Unos hermanos vinieron de Escete a ver al abad Antonio. Al tomar el barco para dirigirse allí encontraron a un anciano que también quería ir. Pero los hermanos no lo conocían. Sentados en el barco se entretenían hablando de las Escrituras, de los dichos de los Padres y de sus trabajos manuales. En cuanto al anciano, guardaba silencio. Cuando llegaron al puerto supieron que el anciano iba a ver al abad Antonio.

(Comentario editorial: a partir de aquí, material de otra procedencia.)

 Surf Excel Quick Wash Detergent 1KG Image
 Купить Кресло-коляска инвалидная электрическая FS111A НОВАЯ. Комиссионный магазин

Cuando llegaron a donde estaba él, les dijo abba Antonio: “Han tenido en este anciano un buen compañero de viaje.” Y dirigiéndose al anciano: “Y tú habrás soportado junto a ti a unos buenos hermanos, Padre.”
El anciano respondió: “Sin duda son buenos, pero su casa no tiene puertas y cualquiera puede a su gusto entrar en el establo y desatar el asno.” Decía esto porque los hermanos decían cuanto les venía a la boca.
Pero hay espíritus malhumorados, siempre “escandalizados,” más preocupados de la observancia que del hombre; es a estos rigoristas a quienes se dirige esta lección de libertad espiritual. Es necesario dominar incluso la seriedad. La persona verdaderamente seria es delicada, transperante, luminosa.